**TASK TO CARRY OUT:**
Every entry is to be restated exactly; pictures are not part of the copy.

[Captioned web images]

◇ ◇ ◇

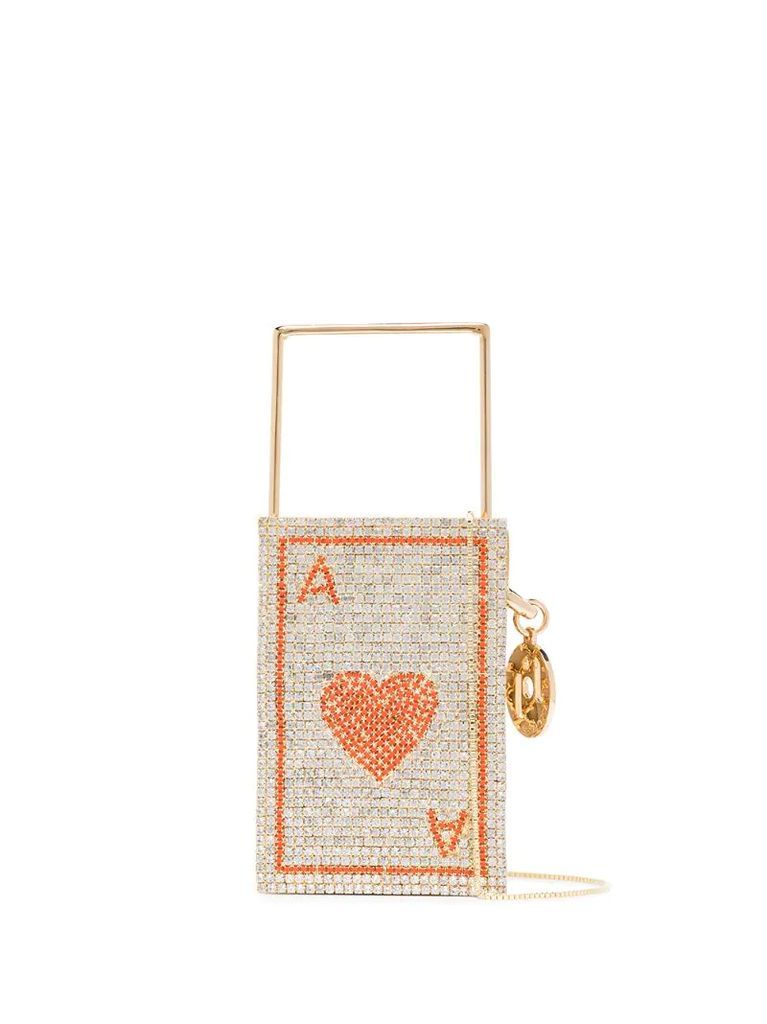 Poker crystal-embellished box bag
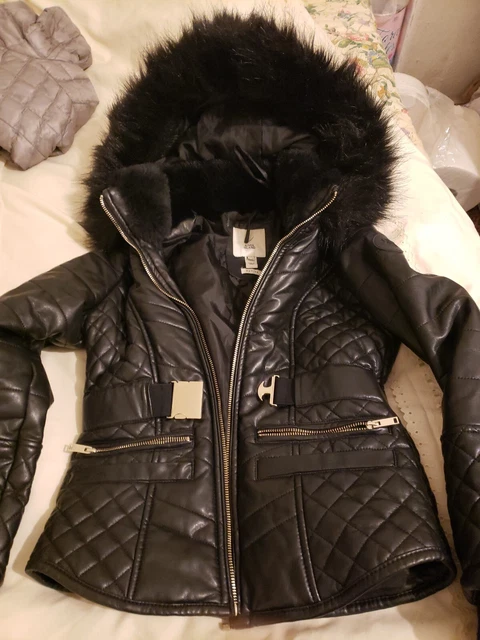 Giacca con cappuccio donna/ragazza pelliccia sintetica River Island taglia 4 petite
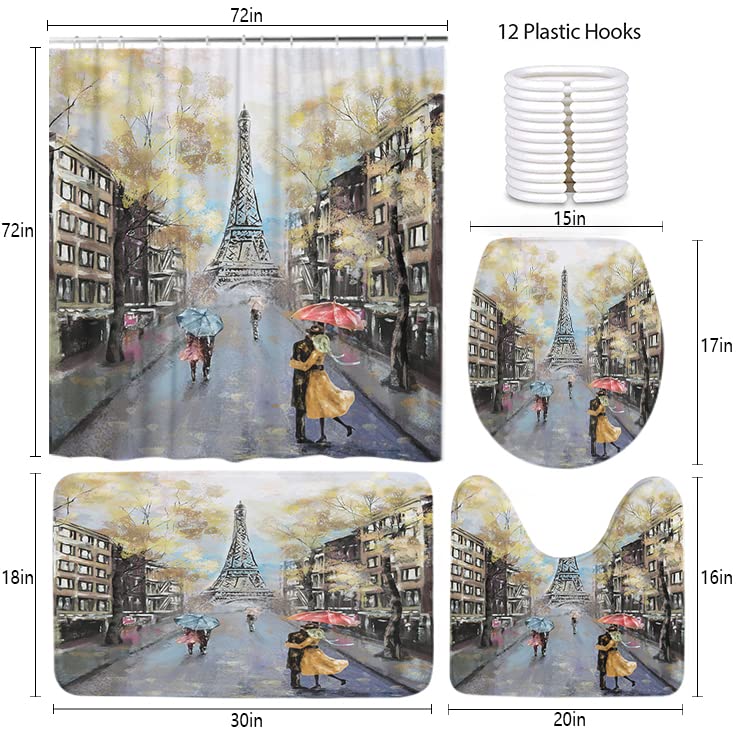LOKMU 4-Piece Shower Curtain Set with Non-Slip Bath Mat, Toilet Lid Cover, and 12 Hooks - Paris Eiffel Tower Waterproof Bathroom Decor (72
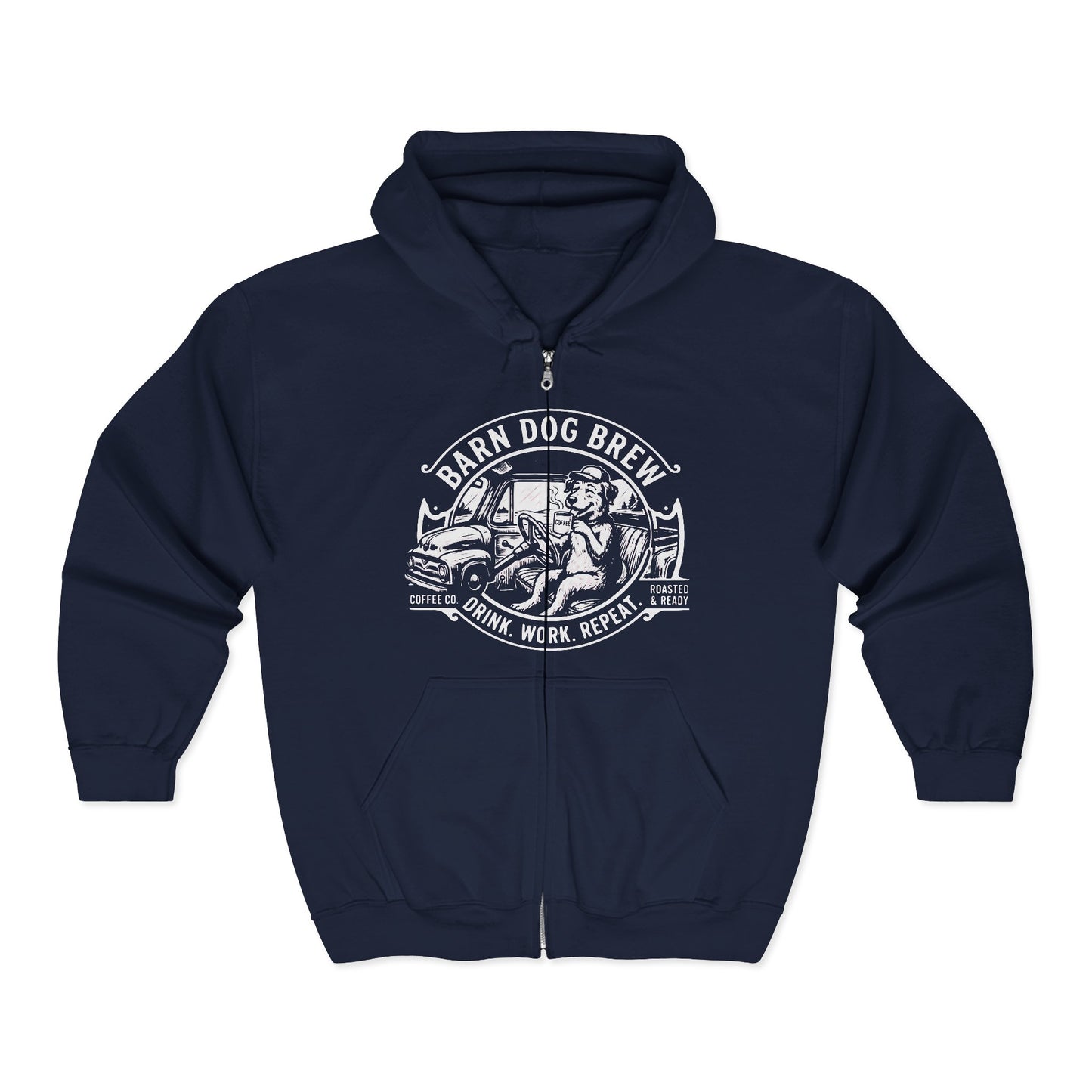 Barn Dog Brew vintage logo Hoodie | Full Zip Hooded Sweatshirt
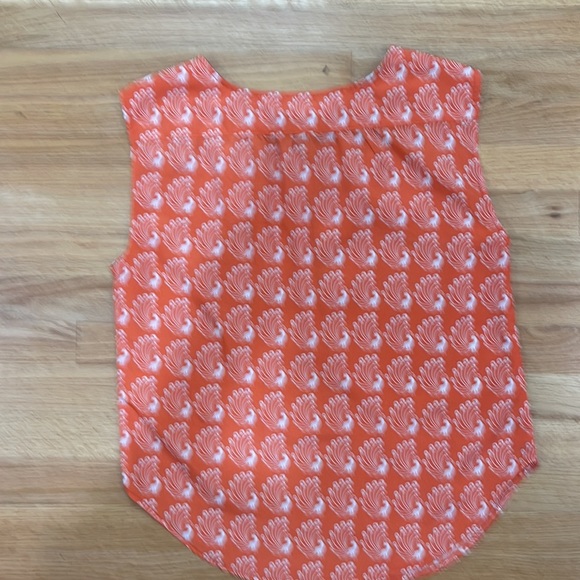OAT + FAWN Peacock Print Sleeveless 3/4 Button Front - M (orange & white) - Picture 4 of 6
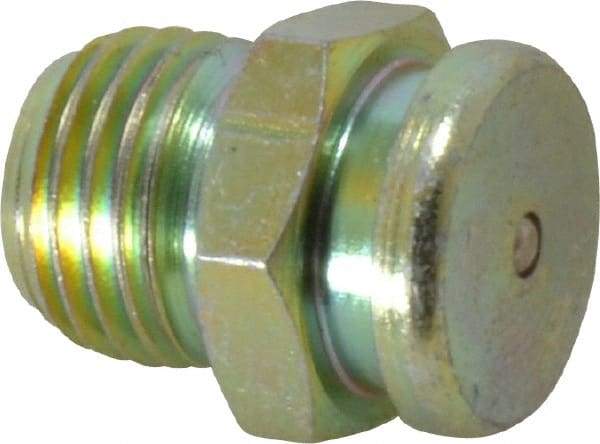 PRO-LUBE - Straight Head Angle, 1/4-18 NPTF Steel Button-Head Grease Fitting - 5/8" Hex, 21mm Overall Height, 12.3mm Shank Length, Zinc Plated Finish - A1 Tooling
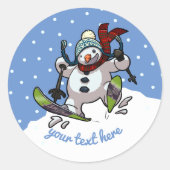 Skiing Snowman in Wooly Pet Cartoon Ronde Sticker (Voorkant)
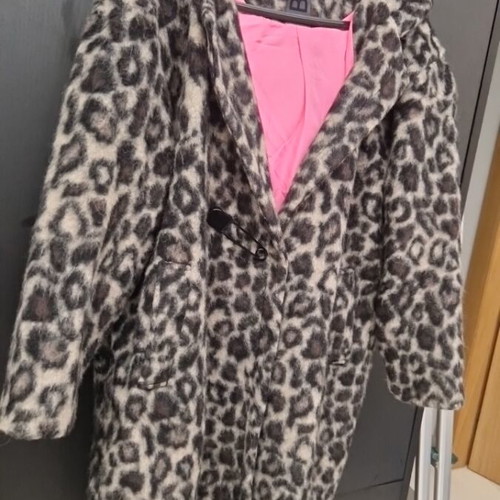 BSB Animal Print Wool Coat like new, beige and brown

◇ ◇ ◇

**EXPECTED ANSWER:**
 Poker crystal-embellished box bag
 Giacca con cappuccio donna/ragazza pelliccia sintetica River Island taglia 4 petite
LOKMU 4-Piece Shower Curtain Set with Non-Slip Bath Mat, Toilet Lid Cover, and 12 Hooks - Paris Eiffel Tower Waterproof Bathroom Decor (72
 Barn Dog Brew vintage logo Hoodie | Full Zip Hooded Sweatshirt
OAT + FAWN Peacock Print Sleeveless 3/4 Button Front - M (orange & white) - Picture 4 of 6
 PRO-LUBE - Straight Head Angle, 1/4-18 NPTF Steel Button-Head Grease Fitting - 5/8" Hex, 21mm Overall Height, 12.3mm Shank Length, Zinc Plated Finish - A1 Tooling
 Skiing Snowman in Wooly Pet Cartoon Ronde Sticker (Voorkant)
 BSB Animal Print Wool Coat like new, beige and brown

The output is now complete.